Jada Pinkett Smith recently opened up publicly about her hair loss. The hair loss is caused by an autoimmune disease called alopecia, detailed Page Six. It explains why she's been seen with a shorter haircut, and then most recently with various turbans wrapped around her head, which she says makes her "feel like a queen."
During a Facebook "Red Table Talk" webisode on "body confessions," Jada revealed that she had been struggling with hair loss, and described how she felt when it started affecting her.
"It was terrifying when it first started. I was in the shower one day and then just handfuls of my hair just in my hands... It was one of those times in my life that I was literally shaking with fear."Doctors have not been able to determine the exact cause of the hair loss, although some suspect it may be related to stress. Jada has come to terms with the condition by understanding that it's part of a "higher power," and puts everything into perspective because there are others out there who are suffering from much more serious conditions, reported the BBC.

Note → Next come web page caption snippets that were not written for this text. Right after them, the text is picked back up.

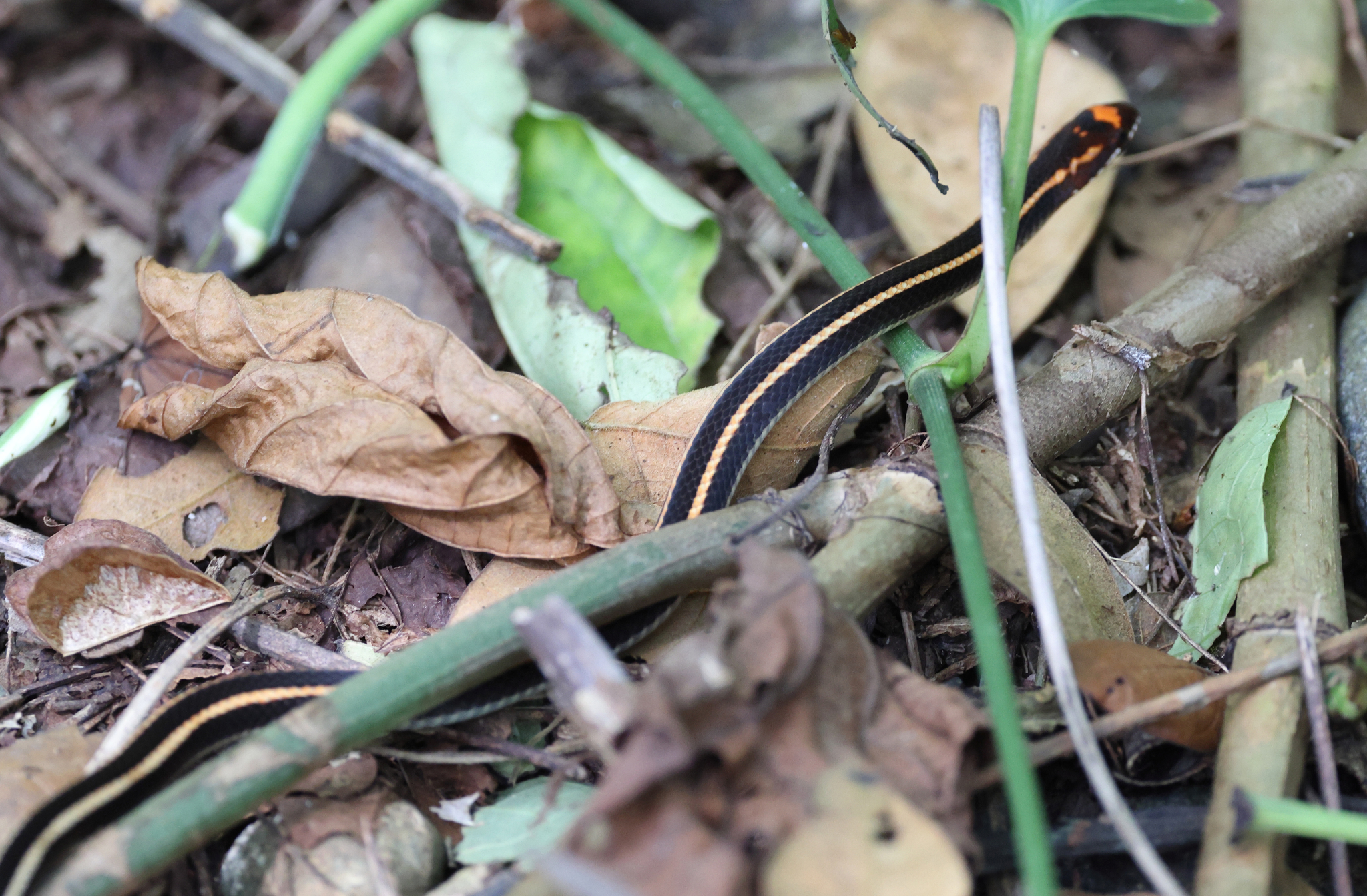 White-Striped Snake photo 3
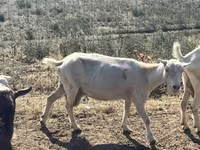 Ziege, LaMancha goats — Foto 6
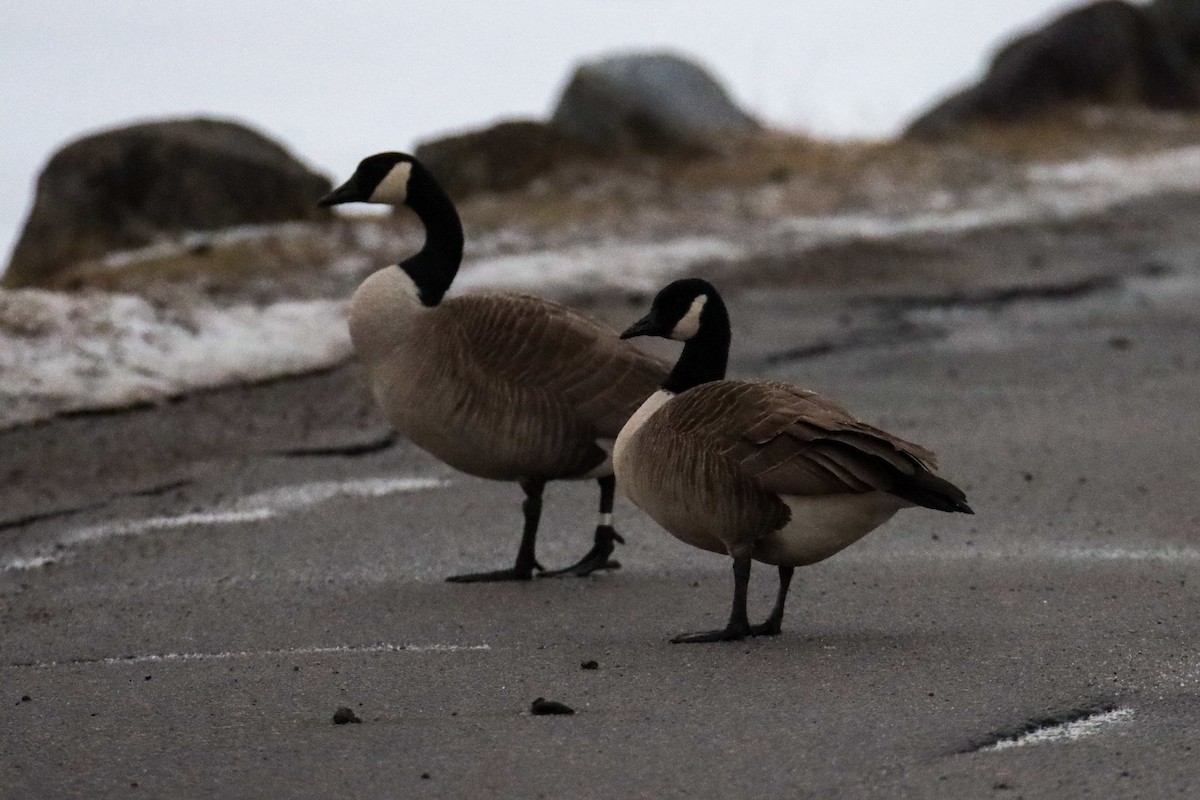 Canada Goose - ML550398451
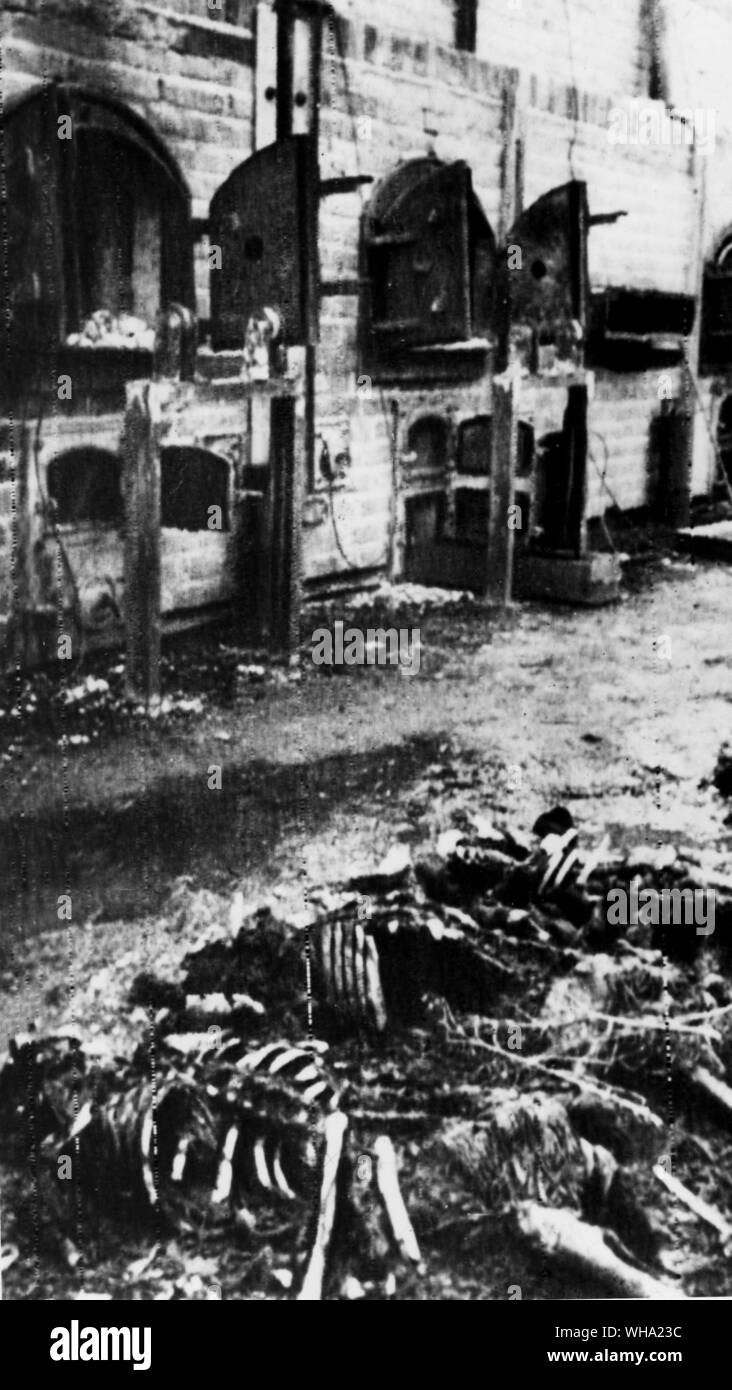 WW2: The cremation ovens in which the Germans daily burnt the bodies of the prisoners they had tortured to death. Heaps of charred human remains lie on the foreground. Lublin Concentration Camp, where people of all nationalities were imprisoned by the Nazis. Stock Photo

Alopecia areata affects everyone differently, although it's common for hair to fall out in clumps. Whether the hair loss is a little or a lot can vary greatly, and in some cases, the hair will grow back, only to fall back out again. According to WebMD, there is unfortunately no known cure for the disease, although people have tried taking anti-inflammatory drugs and undergo topical immunotherapy to help. Others have found that using Rogaine can help with more hair growth. Moreover, doctors recommend alleviating stress and managing the emotional effects of hair loss.For Jada, the emotional toll is something she wanted to discuss, saying that in the past "Taking care of my hair has been a beautiful ritual," which many women can identify with. All in all, Jada speaking out about her issues may help many others. In fact, the American Academy of Dermatology says that nearly 50 percent of African American women have hair loss at some point in their life. Refinery29 added that over 7 million people suffer from alopecia. The Facebook webisode conversation also included Jada's mom Adrienne Banfield-Jones who admitted that she is concerned about her weight and that she hates her thighs. Willow Smith, on the other hand, says that she knows that boys like girls with curvier bodies rather than girls with thin frames like hers, which makes her feel self-conscious.